▶ **WHAT IS NEEDED**
Of all the lines below, output only those starting at the one with "DAB staining on" and ending at the one with "Before and After 5", both ends included, exactly as written.

[Short web captions]
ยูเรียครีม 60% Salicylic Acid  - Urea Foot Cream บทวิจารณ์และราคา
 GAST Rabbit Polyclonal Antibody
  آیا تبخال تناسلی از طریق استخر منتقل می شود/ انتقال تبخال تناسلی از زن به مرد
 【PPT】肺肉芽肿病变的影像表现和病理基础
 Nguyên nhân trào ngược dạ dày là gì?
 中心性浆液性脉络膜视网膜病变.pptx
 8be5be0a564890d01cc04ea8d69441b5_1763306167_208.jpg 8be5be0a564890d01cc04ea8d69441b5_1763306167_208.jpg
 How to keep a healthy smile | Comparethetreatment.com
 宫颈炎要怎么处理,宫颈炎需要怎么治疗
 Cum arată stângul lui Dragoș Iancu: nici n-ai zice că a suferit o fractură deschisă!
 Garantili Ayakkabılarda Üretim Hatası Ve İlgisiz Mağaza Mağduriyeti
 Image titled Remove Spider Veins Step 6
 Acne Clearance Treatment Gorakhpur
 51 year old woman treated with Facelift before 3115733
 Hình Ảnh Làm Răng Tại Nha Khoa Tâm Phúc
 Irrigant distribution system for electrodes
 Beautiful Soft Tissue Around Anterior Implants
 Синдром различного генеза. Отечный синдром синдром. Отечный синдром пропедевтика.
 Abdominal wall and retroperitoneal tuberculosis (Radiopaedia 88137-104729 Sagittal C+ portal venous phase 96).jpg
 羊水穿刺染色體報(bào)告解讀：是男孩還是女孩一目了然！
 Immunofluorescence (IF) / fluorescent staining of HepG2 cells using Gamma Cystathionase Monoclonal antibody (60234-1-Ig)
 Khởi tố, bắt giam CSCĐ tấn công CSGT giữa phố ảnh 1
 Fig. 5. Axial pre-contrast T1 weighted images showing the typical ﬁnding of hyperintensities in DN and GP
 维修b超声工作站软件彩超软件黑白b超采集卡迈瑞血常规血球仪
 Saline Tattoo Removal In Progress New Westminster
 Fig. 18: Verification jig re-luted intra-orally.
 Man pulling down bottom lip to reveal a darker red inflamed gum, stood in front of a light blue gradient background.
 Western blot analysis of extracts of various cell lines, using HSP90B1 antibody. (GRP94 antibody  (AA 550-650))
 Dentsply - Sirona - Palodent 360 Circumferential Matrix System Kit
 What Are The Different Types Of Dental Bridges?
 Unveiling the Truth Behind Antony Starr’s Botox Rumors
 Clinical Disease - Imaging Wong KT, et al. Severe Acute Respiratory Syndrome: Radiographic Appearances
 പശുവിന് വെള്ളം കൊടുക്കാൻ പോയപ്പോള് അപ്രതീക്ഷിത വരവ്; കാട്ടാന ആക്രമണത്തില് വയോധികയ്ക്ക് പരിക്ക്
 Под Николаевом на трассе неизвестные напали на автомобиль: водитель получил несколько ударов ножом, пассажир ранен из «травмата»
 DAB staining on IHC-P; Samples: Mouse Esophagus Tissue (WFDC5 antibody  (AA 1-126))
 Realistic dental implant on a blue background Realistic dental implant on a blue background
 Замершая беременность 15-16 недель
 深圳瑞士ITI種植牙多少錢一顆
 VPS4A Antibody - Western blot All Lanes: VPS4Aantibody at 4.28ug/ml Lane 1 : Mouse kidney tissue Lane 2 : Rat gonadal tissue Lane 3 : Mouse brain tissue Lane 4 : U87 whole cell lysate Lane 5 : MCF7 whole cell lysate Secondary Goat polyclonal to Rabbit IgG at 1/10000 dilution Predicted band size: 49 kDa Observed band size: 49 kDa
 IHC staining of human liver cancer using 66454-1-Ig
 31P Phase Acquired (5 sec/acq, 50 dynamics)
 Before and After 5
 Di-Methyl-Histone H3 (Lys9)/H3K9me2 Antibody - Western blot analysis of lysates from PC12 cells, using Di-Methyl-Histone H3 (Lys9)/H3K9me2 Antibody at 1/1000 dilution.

▶ **ANSWER**
 DAB staining on IHC-P; Samples: Mouse Esophagus Tissue (WFDC5 antibody  (AA 1-126))
 Realistic dental implant on a blue background Realistic dental implant on a blue background
 Замершая беременность 15-16 недель
 深圳瑞士ITI種植牙多少錢一顆
 VPS4A Antibody - Western blot All Lanes: VPS4Aantibody at 4.28ug/ml Lane 1 : Mouse kidney tissue Lane 2 : Rat gonadal tissue Lane 3 : Mouse brain tissue Lane 4 : U87 whole cell lysate Lane 5 : MCF7 whole cell lysate Secondary Goat polyclonal to Rabbit IgG at 1/10000 dilution Predicted band size: 49 kDa Observed band size: 49 kDa
 IHC staining of human liver cancer using 66454-1-Ig
 31P Phase Acquired (5 sec/acq, 50 dynamics)
 Before and After 5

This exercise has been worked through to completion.